Feeding the homeless in the inner city
But a hot breakfast isn’t the main meal
It’s an unusually cold autumn morning in Belmore Park opposite Sydney’s Central Station. The pigeons and seagulls are fluttering around picking bits and pieces from the grass, as trains click their tracks while passing by. The sun is out, not a cloud in the sky, leaving a cold dry air that makes the morning walkers move with a slight spring in their step.
The usual weekday sights and smells of the inner city are broken by a van that drives up through the park.
A few people start to appear from behind hedges, trees and other areas.
“Most of the people we serve breakfast to sleep around here.”
The van pulls up in the middle of the park. ‘Jesus Cares Ministry’ is written in big red letters on the side.
Out hop four people who gather together and begin praying the Lord’s Prayer. “Our Father who art in heaven, hallowed be your name…”

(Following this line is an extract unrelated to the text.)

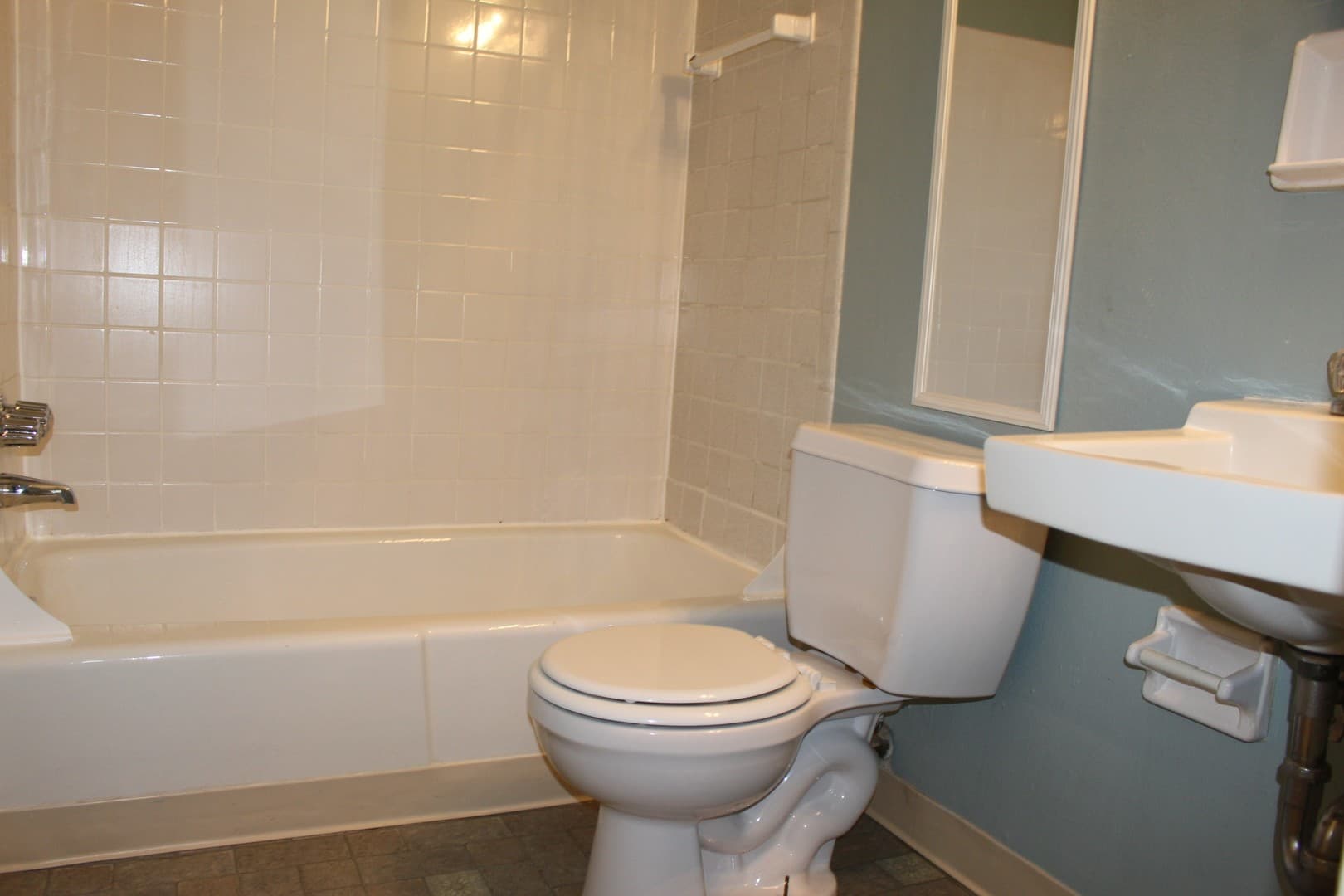 Edgewood Apartment: 111 Oakview Avenue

As soon as they finish they spring into action, getting tables out of the van, placing bibles on a stand, putting boxes of food – hot spaghetti, croissants, meat pies – and juice on a table. The boot of the van functions as a mini cafe where hot coffee and tea are served.
The people that emerged from behind the vegetation begin descending upon the van. They’re calm and well mannered but their clothes, or lack thereof, signal that these people have probably been sleeping rough.
Michael Smith is the coordinator of Jesus Cares Ministry and he confirms this. “There’s about 20 people who sleep in this park,” says Michael. “Most of the people we serve breakfast to sleep around here.”
A few people are greeted, served food and hot beverages by the volunteers, as more and more people slowly emerge.
“I go there and they give me food and everything.” – Sunny
“Good morning,” says Michael to one man who’s approaching the van. “Good morning, Michael” the man replies in a friendly tone.
Another man begins to tell one of the volunteers how he was in a fight across the road, closer to Central Station, in the early hours of the morning. He admits that he punched a man in the face.
“Yeah? Well just remember when you punch someone in the face, who are you also punching? God. You’re punching God in the face. So you shouldn’t do that.”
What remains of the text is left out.